Sales in the hardware and home improvement unit rose 2.2% to $288.8 million over last year. The results were driven by growth in the North American residential security category. Home and garden segment revenue rose 4.4% to $49.8 million year-over-year, driven by double-digit growth in the household insect control category.
Sales in the global batteries and appliances segment were $609.5 million during the period vs. $611.3 million a year ago. Organic net sales increased 2.3% as consumer batteries and small appliances increases more than offset lower personal care net sales.
But the global pet supplies division posted net sales of $194.2 million compared to $203.4 million last year. Revenues from European pet foods and North American companion animal product sales were lower during the period.
Global auto care segment revenue dropped 5.7% to $69.5 million from last year due to the timing of some shipments and U.S. retailer inventory adjustments.
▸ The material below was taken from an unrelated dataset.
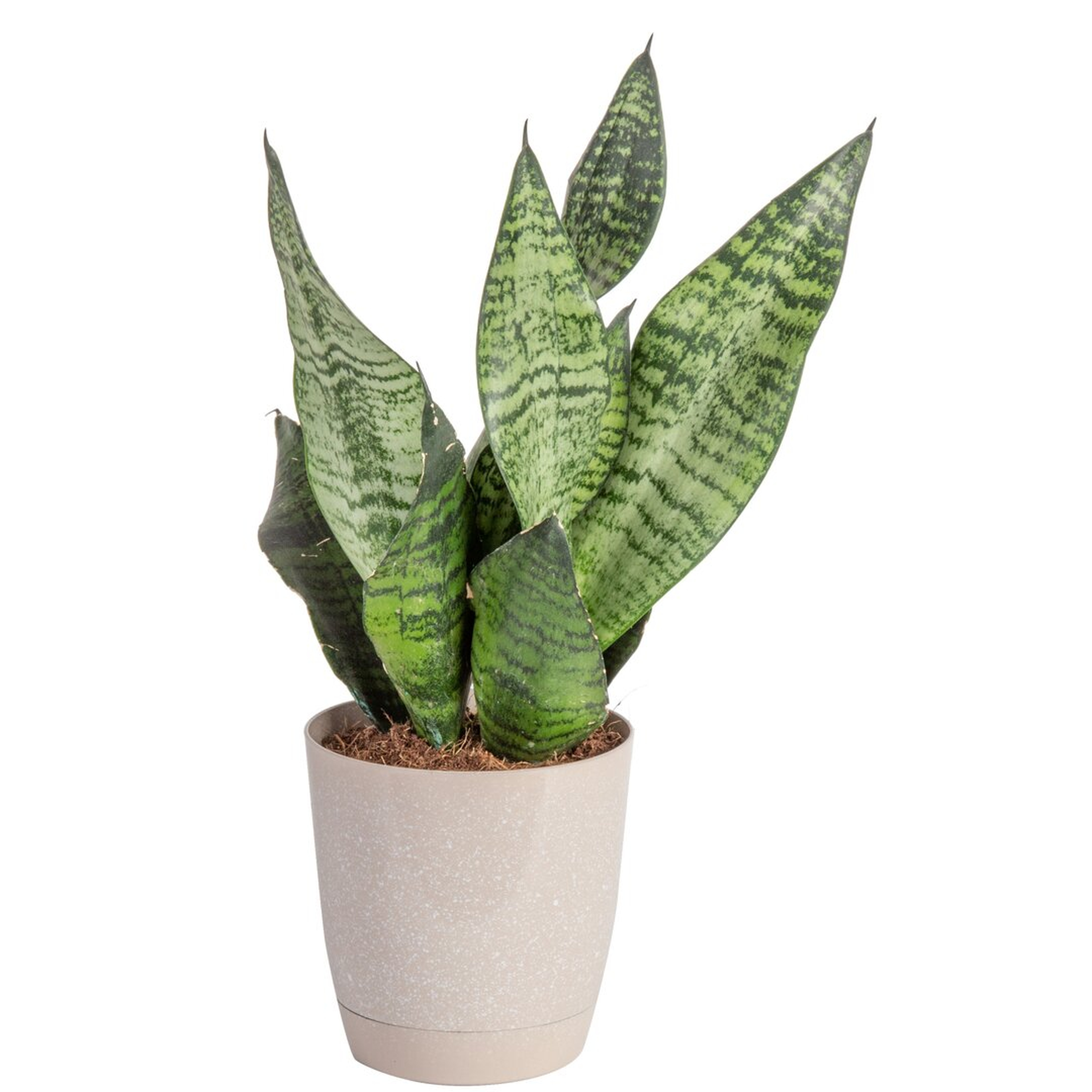 Costa Farms Snake Plant in Décor Planter - Perigold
Core category growth was partly offset by the strategic decisions to exit unprofitable businesses and deemphasizing low-margin promotions on Black Friday and during the holidays, executives said on a conference call with analysts.
Rouve also said it is premature to speculate about a border adjustment tax because there are "so many unknowns and variations." He noted that all of Spectrum's competitors are in the same situation, so if import taxes are raised, it would likely lead to a chain reaction and higher prices in the market.
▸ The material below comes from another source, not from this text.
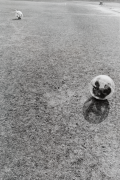 <p>Marion Baruch,&nbsp;<em>Contenitore-Ambiente,</em> 1971 - 2023 Re-Edition, 1/5, gelatin silver print, 28.3 x 19 cm (print); 30 x 24 cm (paper); 43.5 x 34.5 cm (frame), edition of 5</p>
Given the high proportion of Spectrum's costs of goods sold (COGS) produced overseas, shares could remain volatile pending further signals from the Trump administration regarding border tax reform, Piper Jaffray analysts said. The firm estimates that the company's COGS are more than 80%.
For fiscal 2017, the maker of George Foreman grills and Nature's Miracle products expects net sales to "grow above category rates." Spectrum also sees negative impact from foreign exchange of about 100 to 150 basis points.